Problem description
Copy the final lines exactly, starting at the one that contains "Vue latérale droite" and ending with the last line of the listing below. Pictures are not part of the copy.

Segment Start: Data shown

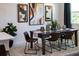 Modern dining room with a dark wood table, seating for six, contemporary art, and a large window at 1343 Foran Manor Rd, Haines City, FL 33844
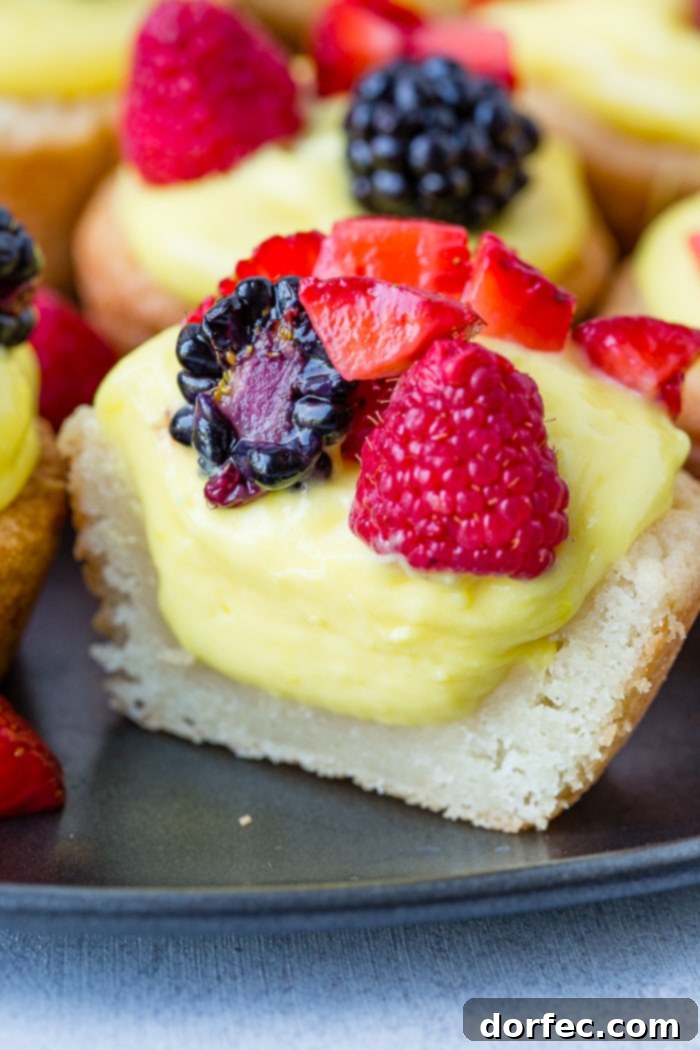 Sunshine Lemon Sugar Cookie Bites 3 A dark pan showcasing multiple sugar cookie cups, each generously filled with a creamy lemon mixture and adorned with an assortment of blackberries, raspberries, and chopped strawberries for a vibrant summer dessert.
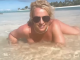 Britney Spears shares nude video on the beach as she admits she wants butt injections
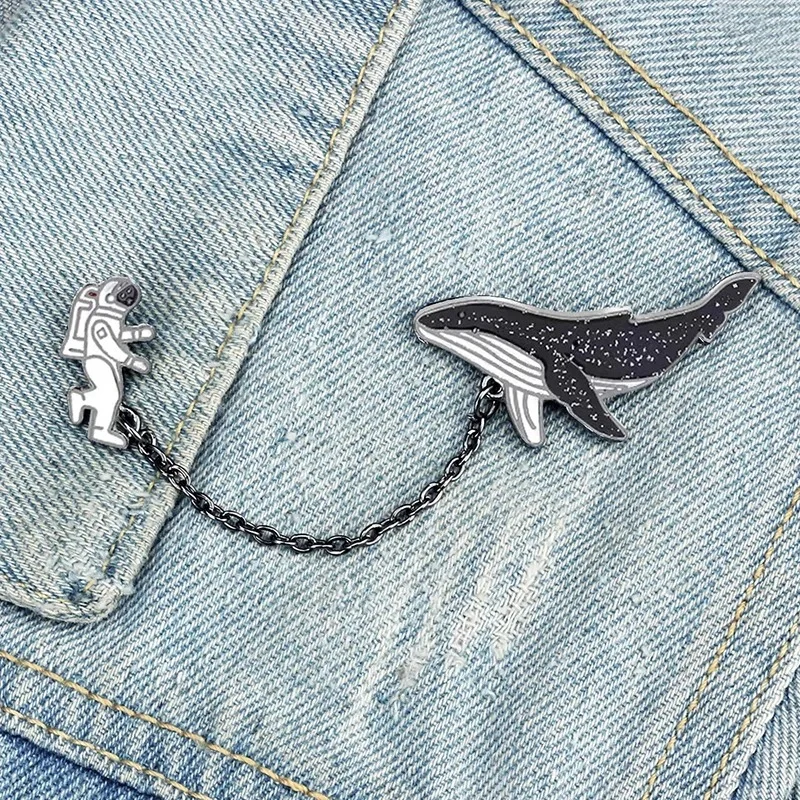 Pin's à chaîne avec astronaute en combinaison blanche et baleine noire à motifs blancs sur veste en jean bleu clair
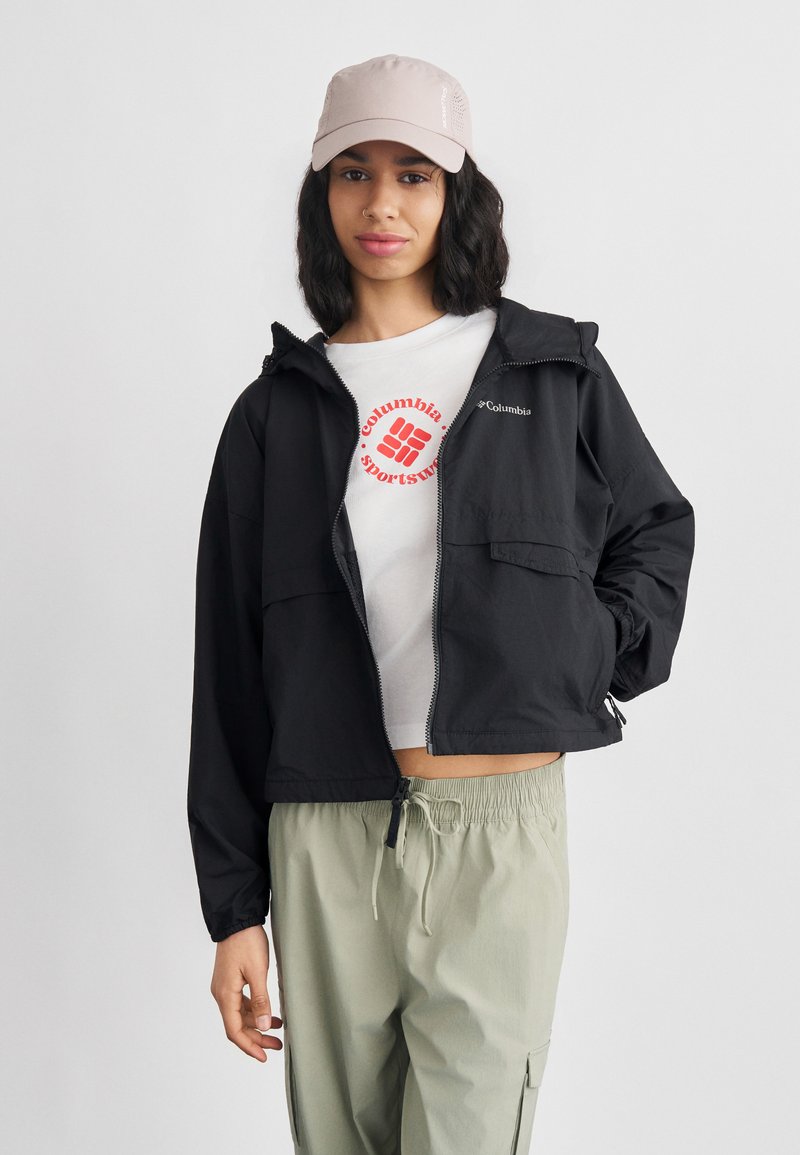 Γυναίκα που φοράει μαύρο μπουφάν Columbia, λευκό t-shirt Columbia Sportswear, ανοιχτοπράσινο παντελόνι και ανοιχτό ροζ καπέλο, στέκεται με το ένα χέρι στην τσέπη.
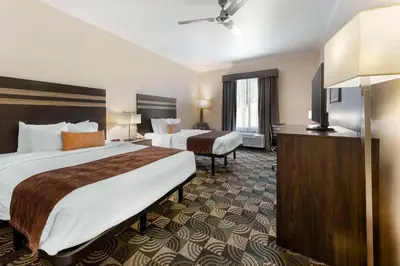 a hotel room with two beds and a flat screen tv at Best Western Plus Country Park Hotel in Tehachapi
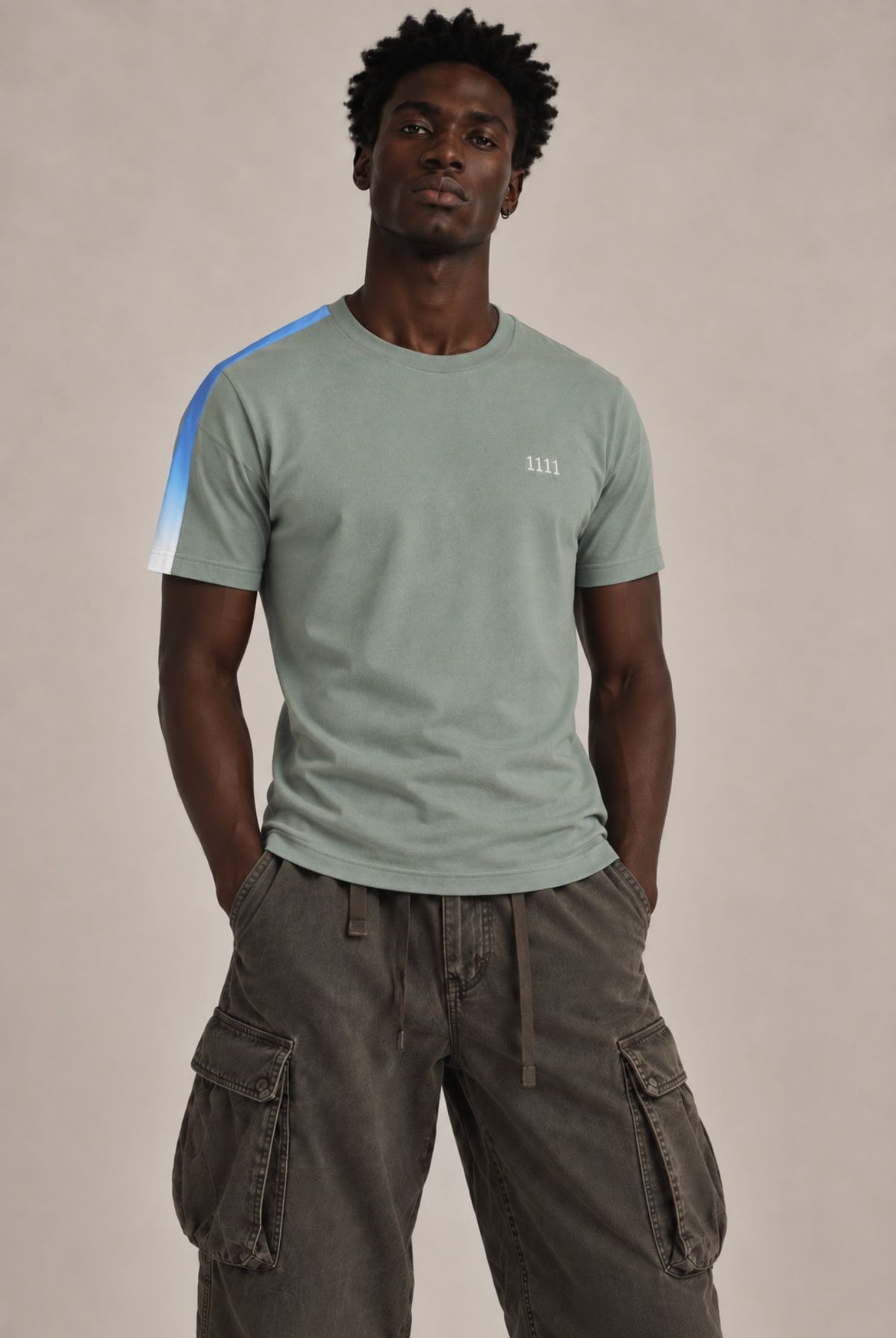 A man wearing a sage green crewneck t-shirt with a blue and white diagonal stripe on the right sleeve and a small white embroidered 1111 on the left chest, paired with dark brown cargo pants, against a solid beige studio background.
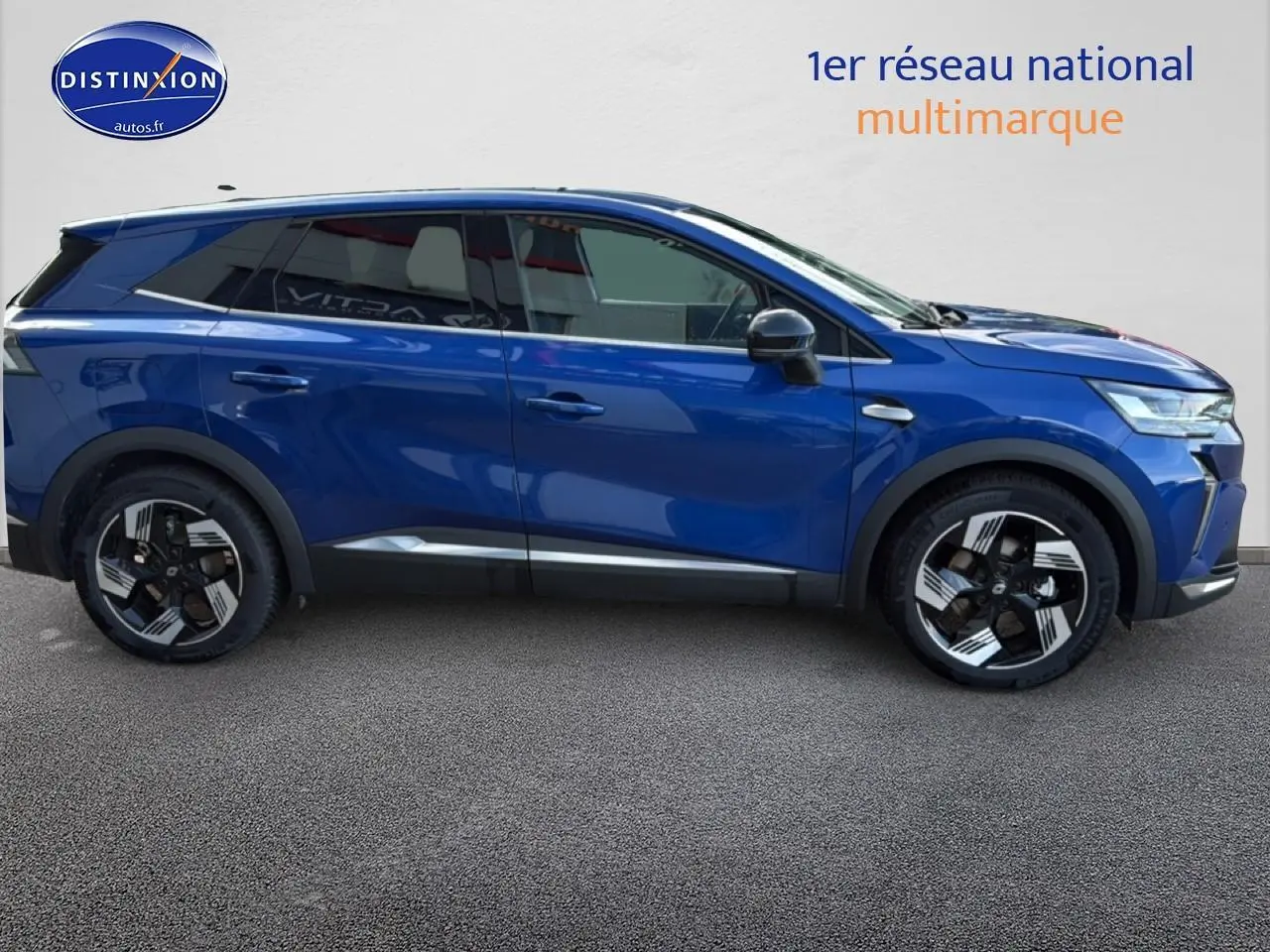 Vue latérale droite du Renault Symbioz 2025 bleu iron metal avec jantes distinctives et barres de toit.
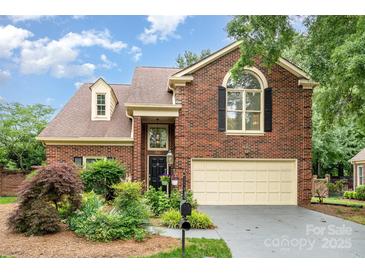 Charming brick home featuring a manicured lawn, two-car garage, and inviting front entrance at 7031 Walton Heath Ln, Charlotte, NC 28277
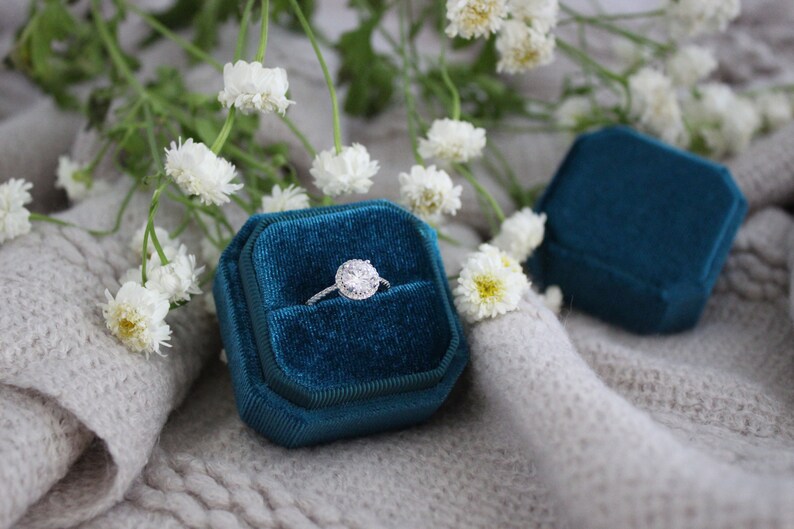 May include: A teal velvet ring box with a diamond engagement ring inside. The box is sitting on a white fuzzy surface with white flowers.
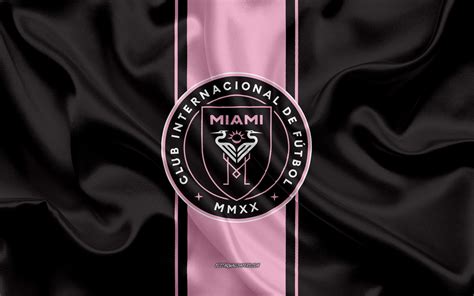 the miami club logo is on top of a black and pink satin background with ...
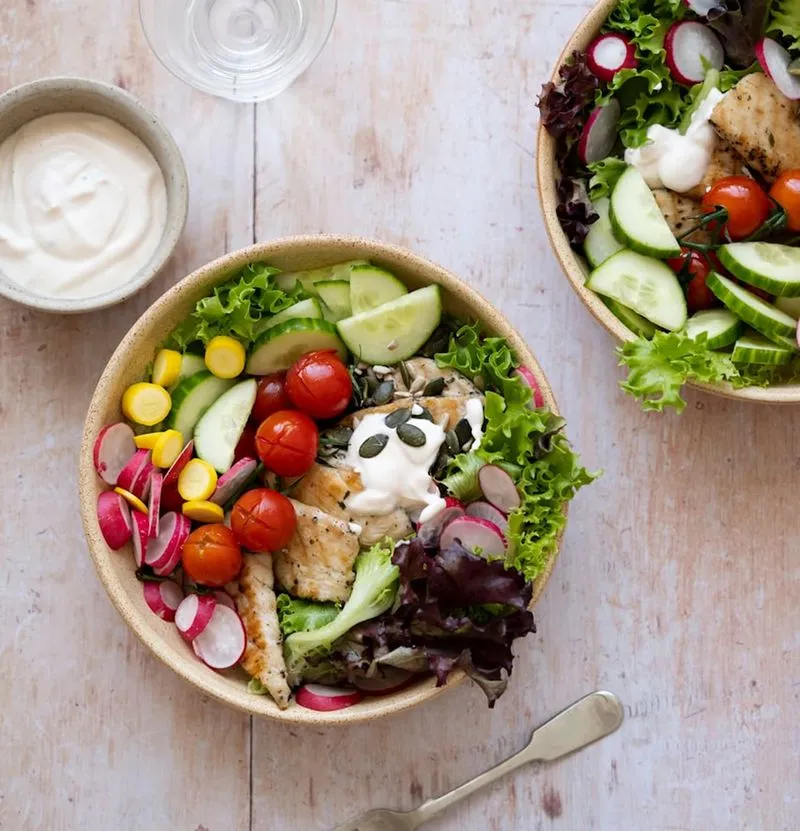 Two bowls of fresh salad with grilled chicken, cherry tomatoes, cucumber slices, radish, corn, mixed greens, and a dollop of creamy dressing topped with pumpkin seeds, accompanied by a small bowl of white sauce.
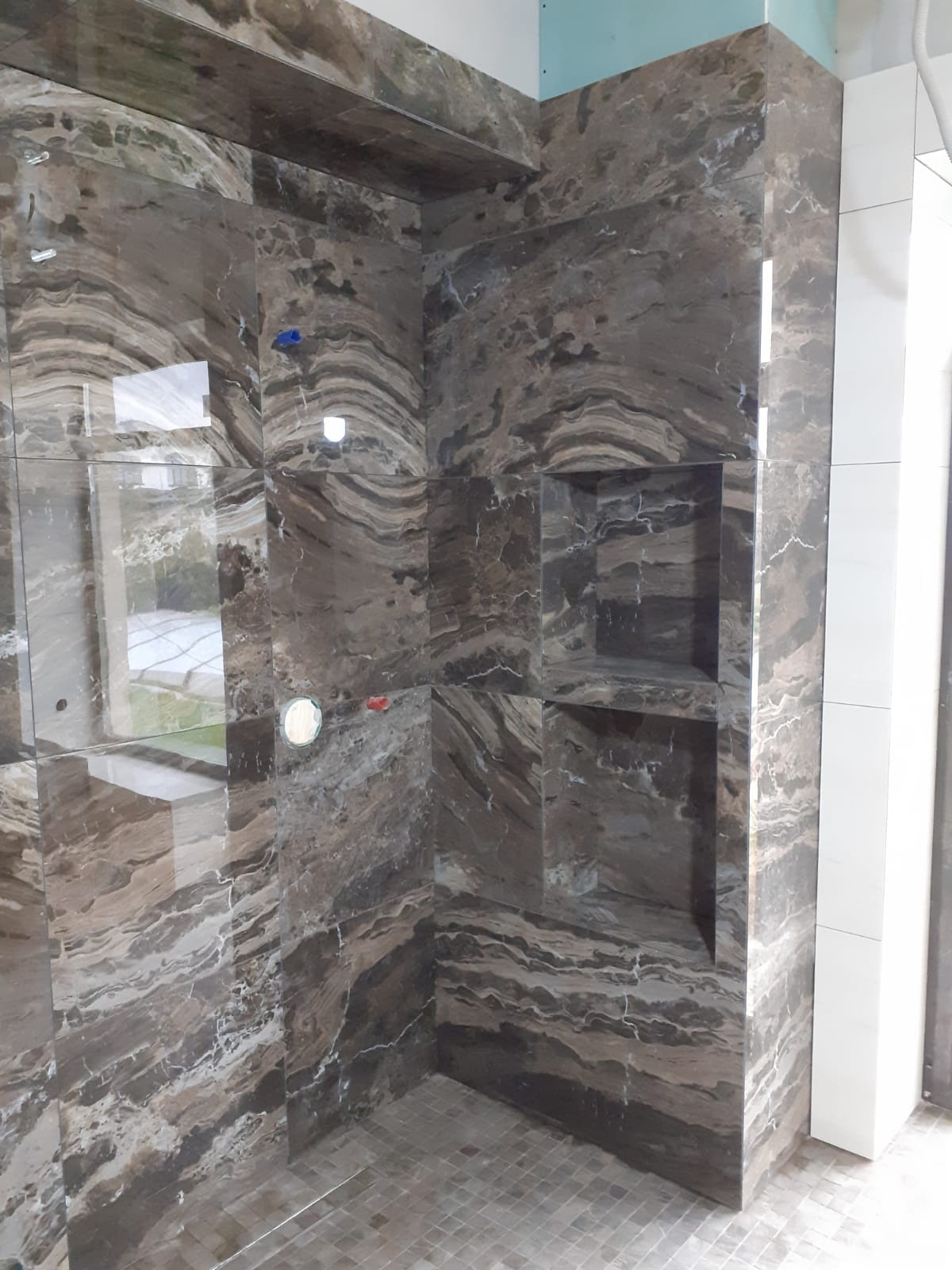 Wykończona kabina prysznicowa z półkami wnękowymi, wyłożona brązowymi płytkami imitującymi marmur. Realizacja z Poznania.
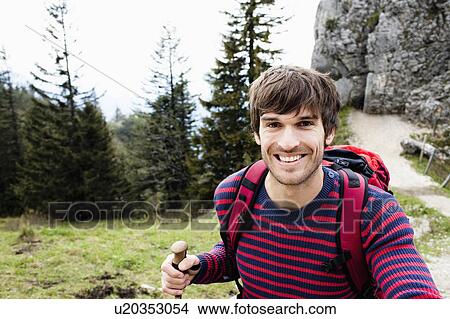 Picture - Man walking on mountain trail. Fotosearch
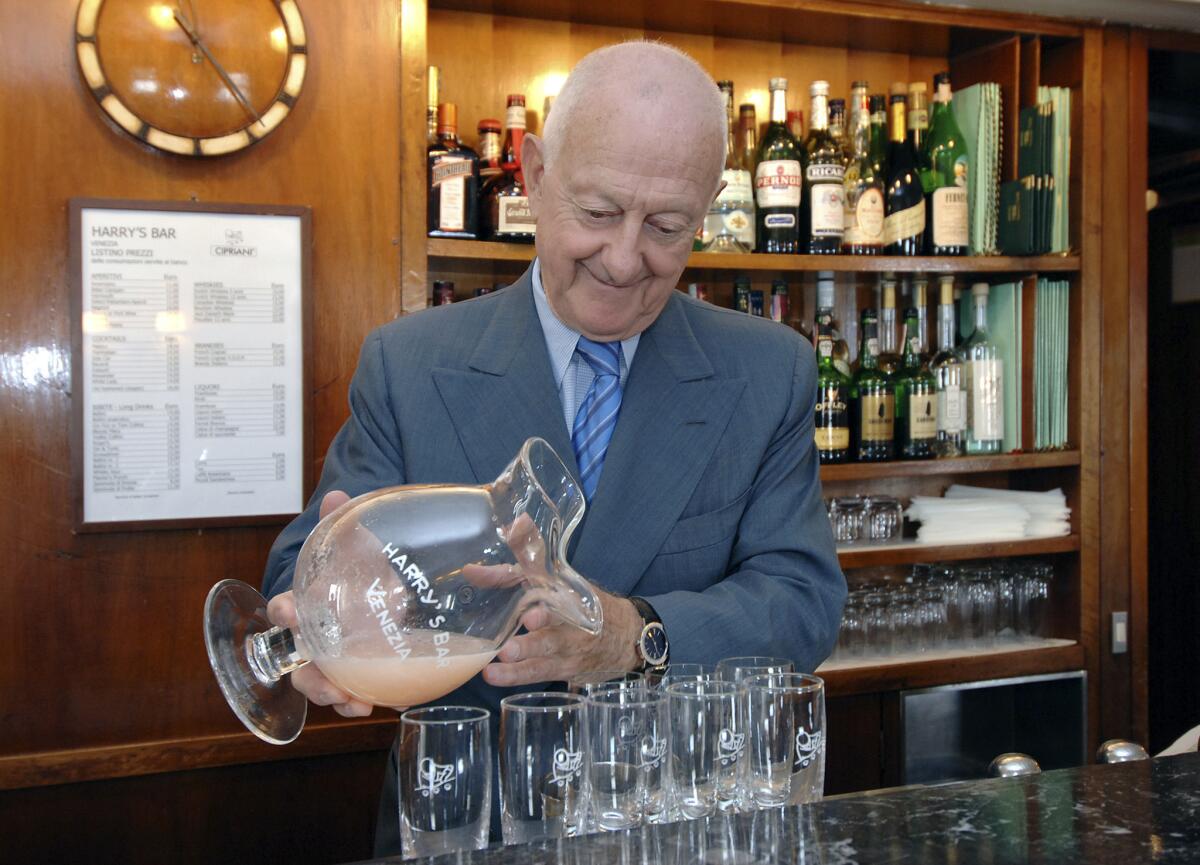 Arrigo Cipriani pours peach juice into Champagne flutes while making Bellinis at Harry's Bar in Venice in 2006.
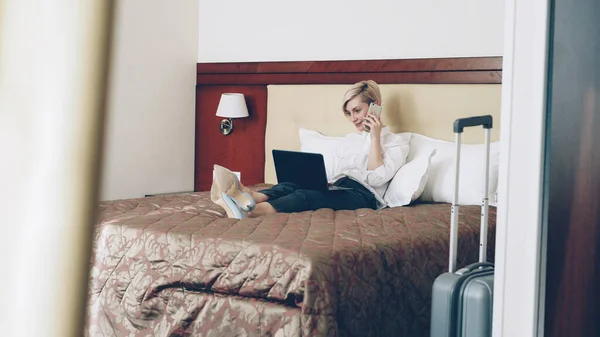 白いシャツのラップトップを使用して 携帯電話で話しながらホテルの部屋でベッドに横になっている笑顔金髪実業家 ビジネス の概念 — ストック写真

Segment End: Data shown

Expected answer
 Vue latérale droite du Renault Symbioz 2025 bleu iron metal avec jantes distinctives et barres de toit.
 Charming brick home featuring a manicured lawn, two-car garage, and inviting front entrance at 7031 Walton Heath Ln, Charlotte, NC 28277
 May include: A teal velvet ring box with a diamond engagement ring inside. The box is sitting on a white fuzzy surface with white flowers.
 the miami club logo is on top of a black and pink satin background with ...
 Two bowls of fresh salad with grilled chicken, cherry tomatoes, cucumber slices, radish, corn, mixed greens, and a dollop of creamy dressing topped with pumpkin seeds, accompanied by a small bowl of white sauce.
 Wykończona kabina prysznicowa z półkami wnękowymi, wyłożona brązowymi płytkami imitującymi marmur. Realizacja z Poznania.
 Picture - Man walking on mountain trail. Fotosearch
 Arrigo Cipriani pours peach juice into Champagne flutes while making Bellinis at Harry's Bar in Venice in 2006.
 白いシャツのラップトップを使用して 携帯電話で話しながらホテルの部屋でベッドに横になっている笑顔金髪実業家 ビジネス の概念 — ストック写真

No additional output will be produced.